It’s a funny thing about Philip Glass. People who hate his music will tell you that it all sounds the same. People who love his music will tell you that each repetition of phrases and motions are actually quite subtly different.
This musical style was born out of Philip Glass’s dissatisfaction with what passed as modern music at the time. Born in 1937, he grew up in Baltimore, studied at the University of Chicago, Juilliard, and Aspen. Wishing to find some way to impact the contemporary music scene in a postive way, he moved to Europe after winning a Fulbright Scholarship, which enabled him to go to Paris to study a more traditional composition style (Bach, Beethoven, Mozart, Chopin) with the legendary Nadia Boulanger (who also taught Aaron Copland). However, his composition style was altered after studying with Eastern sitar master Ravi Shankar, who taught him a different philosophy about rhythms and melody, among other things.
Eventually, the fruit of all his influences and reeducation evolved into a music style called “minimalism.” He disliked the term, though, and preferred to call it music with “repetitive structures.”
Or, to put it another way, it immersed a listener in a sort of sonic weather that twists, turns, surrounds, develops.
Over the years, his music, which has been quite huge in terms of output, has been utilized for soundtracks, such as for the 2002 movie The Hours, a sort of retelling of Virgina Woolf’s life while she was writing the controversial Mrs. Dalloway. These soundtracks have been quite commercially successful, also winning him many awards. For instance, The Hours earned him an Academy Award nomination; his second, as well as the BAFTA Award for Best Film Music. (He earned his first nomination from the 1997 Kundun, about the Dalai Lama, and the third nomination from Richard Eyre’s 2006 Notes on a Scandal.) This success could be due to the fact that his music is quite excellent for mood-setting.
Glass also composed a staggering 20 something operas, eight symphonies, concertos for piano, violin, timpani, and various other instruments; pieces for quartets and orchestras, and his works for solo piano.

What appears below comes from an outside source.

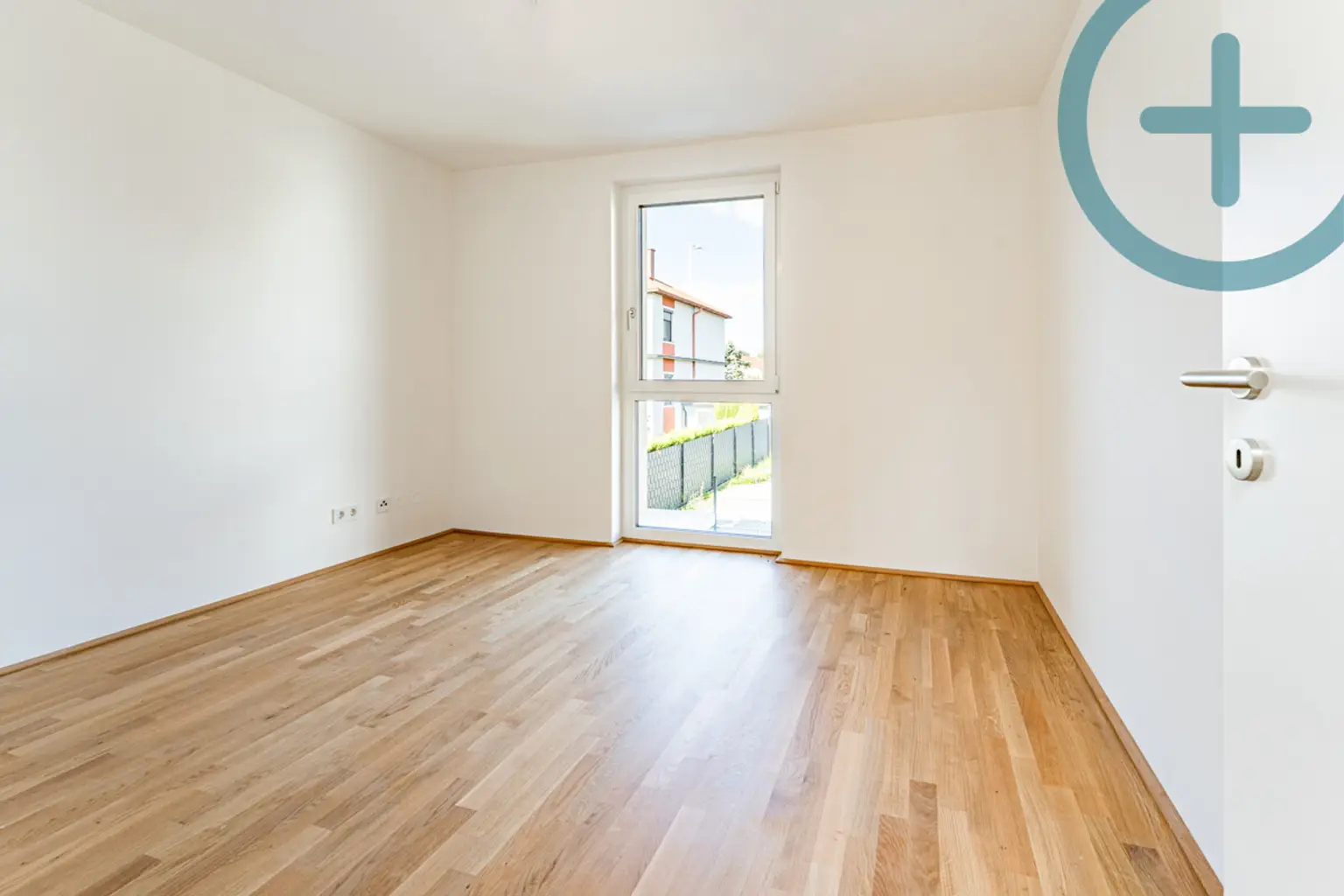 FAMILIENHIT MIT TRAUMGARTEN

I recently had the opportunity to hear some Philip Glass, featured at a concert here at the Atlantic Music Festival. Bruce Brubaker, chair of the New England Conservatory’s piano program, played Mad Rush to open the concert. Brubaker is well-known for his interpretations of Philip Glass and other contemporary music. The first half of the concert was dominated by avant-garde solo piano repertoire, accompanied by strings and electronics, all performed by Brubaker: John Cage’s One with Dream, with the piano accompanied by light viola and violin playing; and Nico Muhly’s innovative yet confusing Drones and Piano. I myself ended the first half with Bernstein’s Clarinet Sonata with clarinetist Kiera Thompson.
In the pre-concert speech, Sheridan Seyfried, director of the composition department, remarked that this piece has become the “quintessential modern piece,” and had been added to standard piano repertoire, which even listeners who dislike Philip Glass must admit is no small feat.
Mad Rush is a 13 minute piece composed in 1979 for the solo piano or organ. It is marked by its patterns of repetitions, typical in minimalism. The piece can be charted into four simple sections which are repeated over and over in various orders for certain lengths of times, as you can see from the chart below. Philip Glass used this repetition and a beautiful and simple motive of sorts to achieve what can be described as a hypnotic yet exhilarating effect by Glass enthusiasts. It is due to these factors that Mad Rush has become representative of the minimalist genre.
Unfortunately, this use of repetition is the piece’s downfall. What can be described as hypnotically pleasing can also be described as mind-numbing and boring.
Sadly, this is how the piece was like for me.
In fact, the listening experience can be summed up by the words of a fellow audience member, overheard after the piece was over:
As it started, I wanted it to go forever, but when it did go on forever… I just wanted it to stop.
I would describe his compositions as yet another musical language that can be quite beautiful in its own way, especially with its capacity to evoke moods and settings, but still quite limited. It is certain that the music can be played expressively. But playing the same passages over and over, no matter how expressive, can only be so interesting after the umpteenth repetition, and tiring after a relatively short while.
And even if each repetition is subtly different, who can tell?